Asif Khan pavilion brings a slice of outer space to the 2018 Winter Olympics

As excitement around the 2018 Winter Olympics in South Korea builds for the February 9th opening ceremony, London-based architecture firm Asif Khan Ltd. has revealed a pitch-black pavilion sponsored by Hyundai Motor. Coated in Vantablack VBx2, the world’s blackest black paint, the exterior of the parabolic pavilion is lit with thousands of point lights and resembles a field of floating stars.

“From a distance the structure has the appearance of a window looking into the depths of outer space,” said Asif Khan in a press release. “As you approach it, this impression grows to fill your entire field of view. So on entering the building, it feels as though you are being absorbed into a cloud of blackness.”

The Hyundai Pavilion looks like a field of stars during the day. (Luke Hayes)
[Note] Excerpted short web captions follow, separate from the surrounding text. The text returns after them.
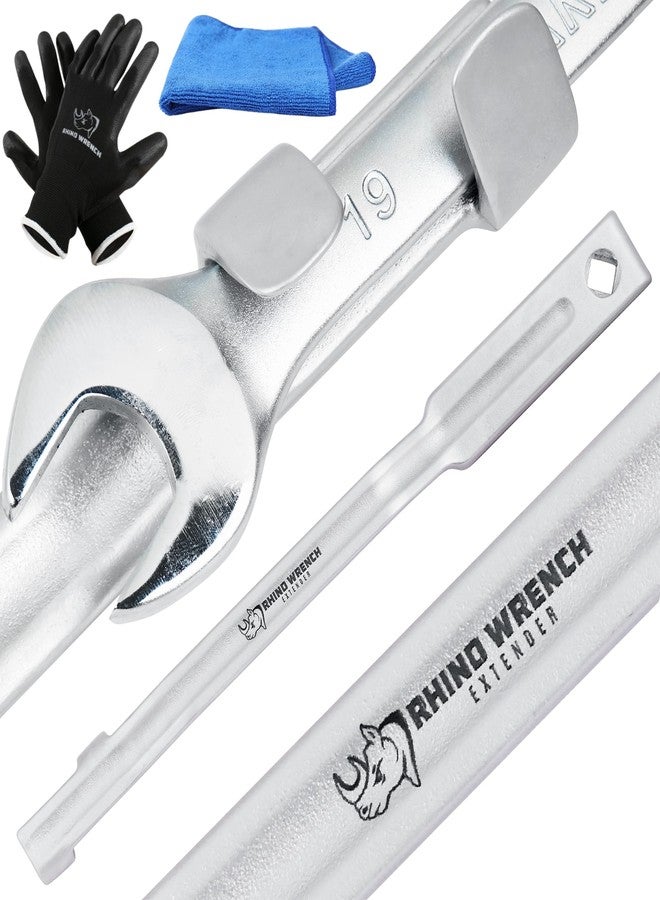 Eleon Rhino Wrench Extender Tool Bar - Extra-Long 15 Inch Wrench Extension for Maximum Leverage - Torque Multiplier with Non-Slip Gloves and Microfiber Towel - Solid Steel Tools (Extra Large) - Image 1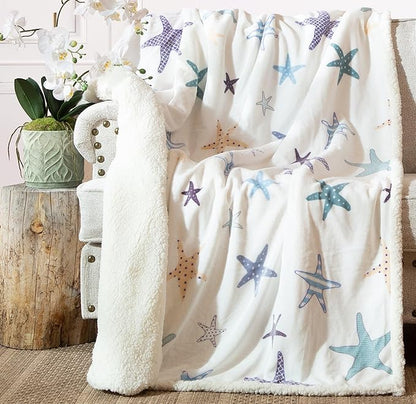 CARSTENS, INC. Ultra Premium Super Soft Plush Sherpa Fleece Oversized Throw Blanket 54" x 68", Starfish Coastal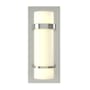 Hubbardton Forge Banded 12" Tall Wall Sconce with Customizable Glass Shade Sterling / Opal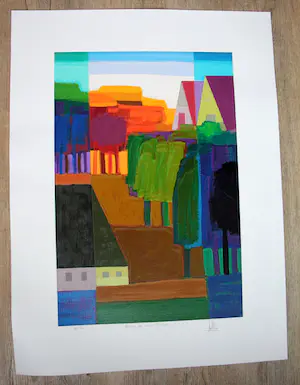 Ton Schulten - zeefdruk: rondom de hoeve II - 2009 kopen? Bied vanaf 425!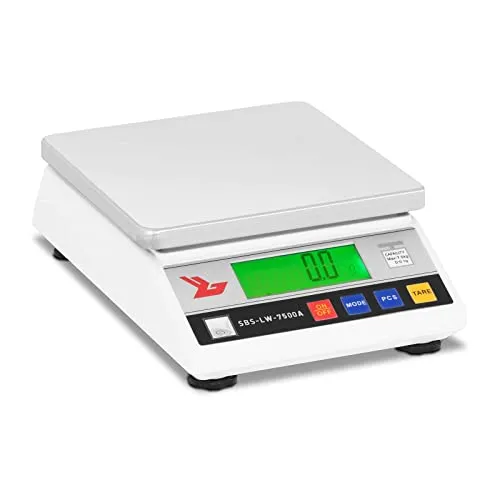Steinberg-Systems Digitalwaage SBS-LW-7500A - Feinwaage mit Stückzählfunktion bis 7,5 kg, automatische Startjustierung und präzise Teilung von 0,1g, ideal für den professionellen Einsatz.
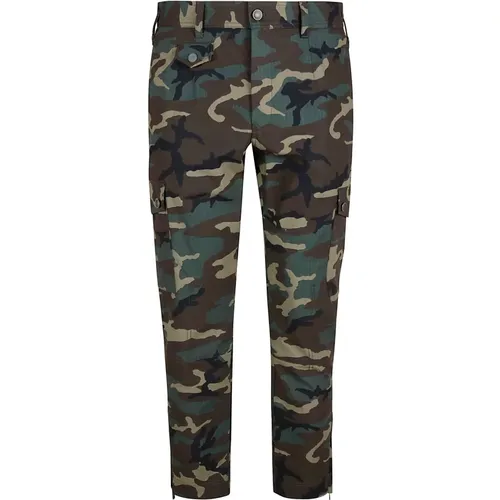 Slim Fit Camouflage Cargo Pants , male, Sizes: M, XL, L, S - Dolce & Gabbana - Modalova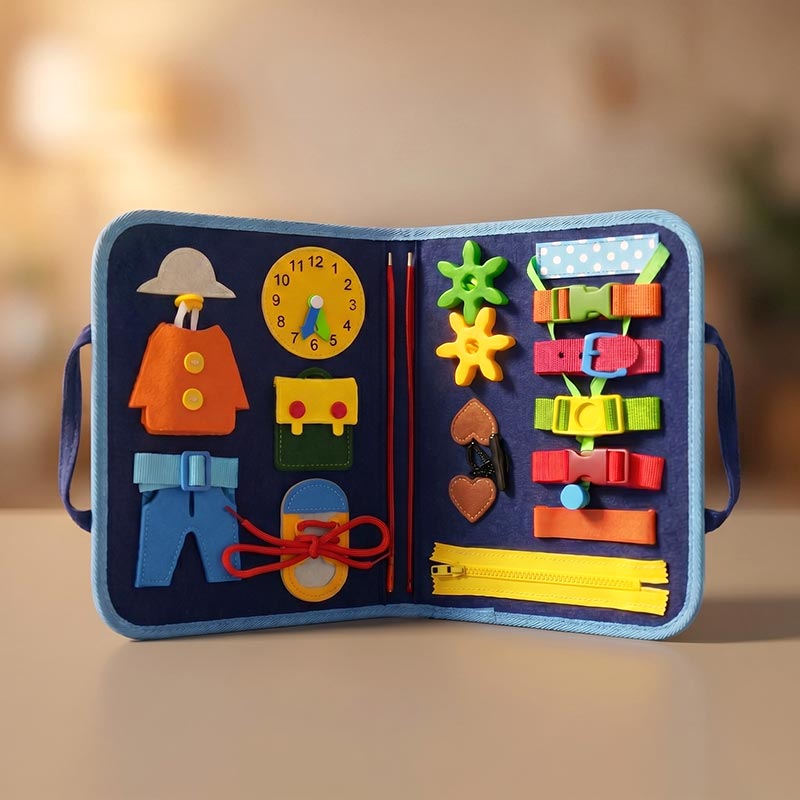 Felt Activity Bag with Space Theme and 8 Pages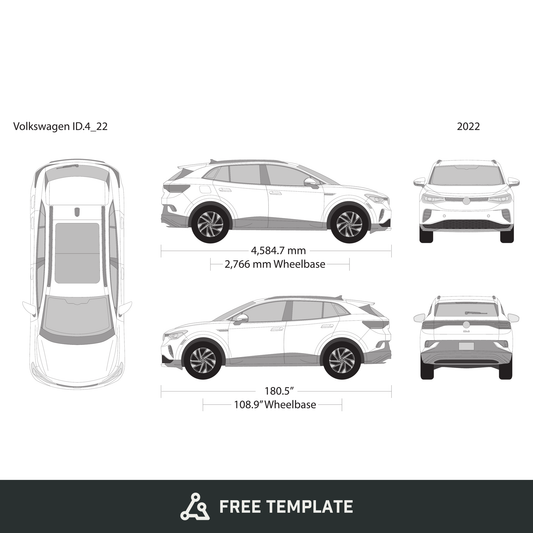 2022 Volkswagen ID 4 free vector vehicle wrap template - GravBase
Vantablack’s impenetrable darkness is based in its structure, as the paint is made of tangled carbon nanotubes that trap light on a microscopic level. At 32 feet tall and 114 feet long on all four sides, the monolithic Hyundai Pavilion is the largest continuous nanostructure in history. It also represents the first architectural application of Vantablack. While the original iteration of Vantablack paint was so fragile that it could only be installed under laboratory conditions, VBx2 suspends the coating in a spray solution and can be directly applied.

The resultant structure, though the walls are curved inwards, has been seemingly rendered as a flat void and stripped of its volume; inside the effect couldn’t be more different. Playing on the theme of hydrogen, in reference to Hyundai’s foray into fuel cell-powered vehicles, the interior of the pavilion is a stark white and anchored by an interactive water installation. As visitors walk around the interior, water drops are elongated as they flow through channels carved into the floor and pool at a central drain.
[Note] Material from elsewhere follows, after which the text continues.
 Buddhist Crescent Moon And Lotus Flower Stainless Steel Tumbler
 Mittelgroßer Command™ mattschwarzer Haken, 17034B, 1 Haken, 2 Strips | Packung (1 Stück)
Visitors trigger water droplets to run into a central drain. (Copyright Luke Hayes)

“The water installation visitors discover inside is brightly lit in white. As your eyes adjust, you feel for a moment that the tiny water drops are at the scale of the stars,” said Khan. “A water droplet is a size every visitor is familiar with. In the project I wanted to move from the scale of the cosmos to the scale of water droplets in a few steps. The droplets contain the same hydrogen from the beginning of the universe as the stars.”

The usage of Vantablack has been a contentious topic in the short five years it’s been around. While Anish Kapoor made headlines after claiming the exclusive rights to the pigment’s use, Asif Khan has been working closely with the researchers behind Vantablack since 2013 and has previously proposed using it for a variety of projects.

The Hyundai Pavilion will open to the public alongside the Olympics on February 9, in Pyeongchang.